With "Corpus, Women Painted by Women," the Nantes-based bar presents a new menu that is as committed as it is sensorial, where mixology dialogues with art history and the female gaze.
Before being a bar, Sœurs Carnage is a narrative. A story told in two acts, two energies, two faces of the same evening. With Corpus, Women Painted by Women, the venue unveils the second volume of Sœurs, its most contemplative moment, where tasting takes time for reflection.
A Liquid Homage to Eleven Female Painters
Corpus revolves around eleven female painters to whom the team has chosen to pay homage, or rather a "femmage." All pioneers in their field, they asserted their own vision, their own way of representing bodies, defying the objectification of women long relegated to mere objects of desire for the male gaze. Long before the term became widespread, they were already championing what is now called the woman gaze.
Long forgotten, marginalized, or relegated to footnotes in art history, their works are resurfacing today, unearthed and celebrated by contemporary feminist movements. At Sœurs Carnage, this resurgence is neither academic nor museological: it is sensorial.
When Painting Becomes Flavor
Here, each painting translates into a cocktail. Every pictorial gesture becomes a texture, every artistic intention an aromatic palette. The recipes do not merely illustrate the works; they interpret them. A floral and mischievous spritz inspired by Gerda Wegener, an orange-mint long drink with wild energy, a dry Manhattan with cocoa that speaks of the passage of time, or even a non-alcoholic cocktail with smoky and mystical notes, enhanced with CBD oil.
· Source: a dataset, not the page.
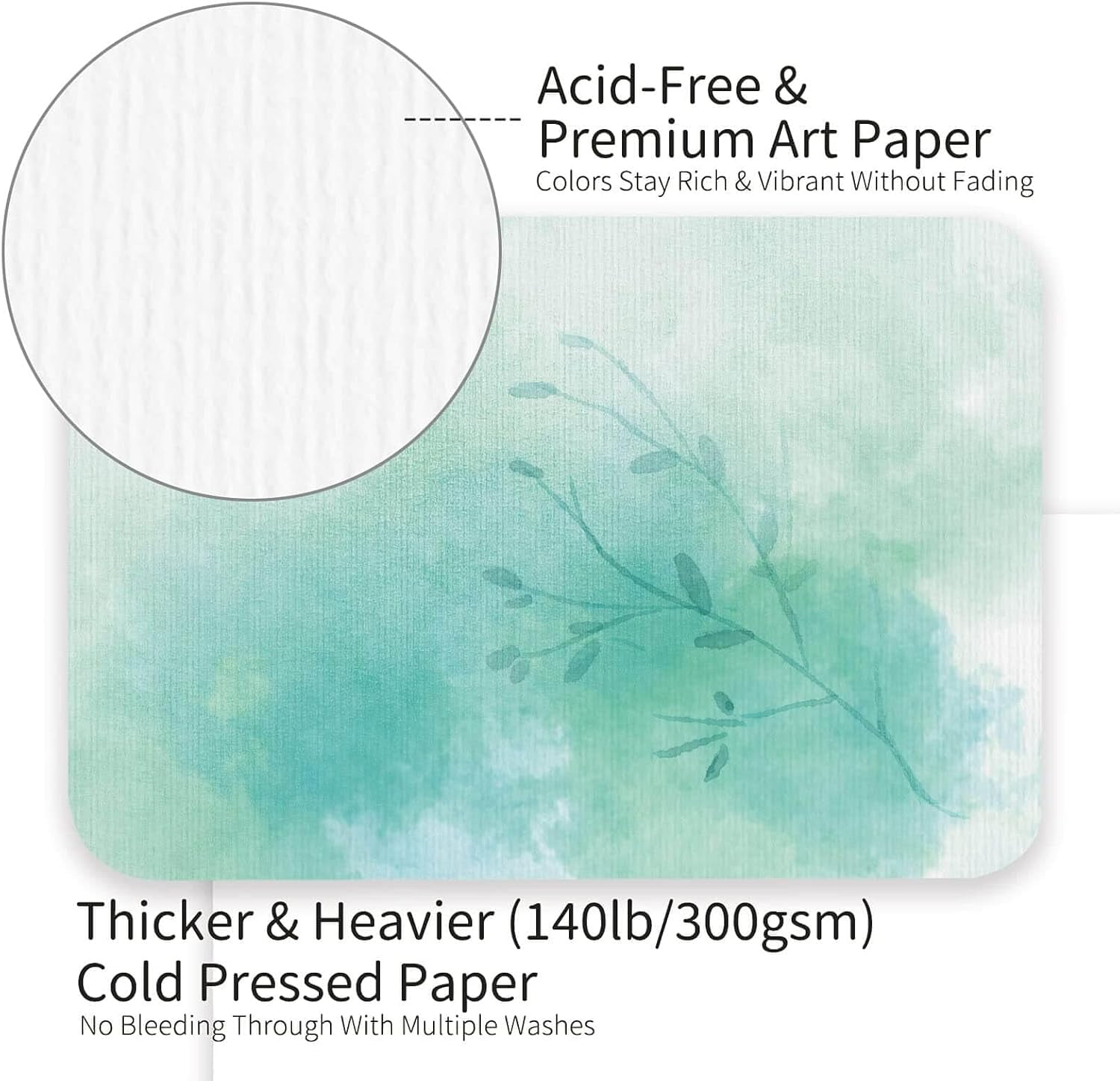 Watercolor Paper Postcards, 50 Cards, Acid-Free Heavyweight Art Paper for Thank You Notes & Greeting Cards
The approach is deliberate: mixology is conceived as culinary experimentation. Liquids are cooked, borrowing from pastry, gastronomy, and sometimes even chemistry. The result is narrative, precise, sometimes bewildering, always sensitive glasses.

Representing all women
Corpus also asserts a clear position: to represent all women. Women of color, queer and trans artists and models occupy a central place in the selection, symbolically rectifying a historical invisibility. The commitment is not superficial; it permeates the menu, the texts, the ingredient choices, and the flavor balances.
Each cocktail thus becomes a space for expression, a discreet but assumed political gesture, where pleasure never erases the message.

Two faces, one evening
As always at Sœurs Carnage, the evening unfolds in two acts. Until 9:30 PM, it's time for Sœurs: a suspended moment, conducive to attentive tasting and contemplation. Then, after this threshold, the scenery changes. Carnage takes over, more raw, more festive, more nocturnal. The menu changes, and so does the energy.
A manifesto bar in Nantes
In Nantes, Sœurs Carnage confirms that it is much more than a cocktail bar. It is a place where works are drunk, where long-forgotten legacies are celebrated, and where each glass tells a story. An invitation to slow down, to feel — and to raise a glass to those who have painted the world differently.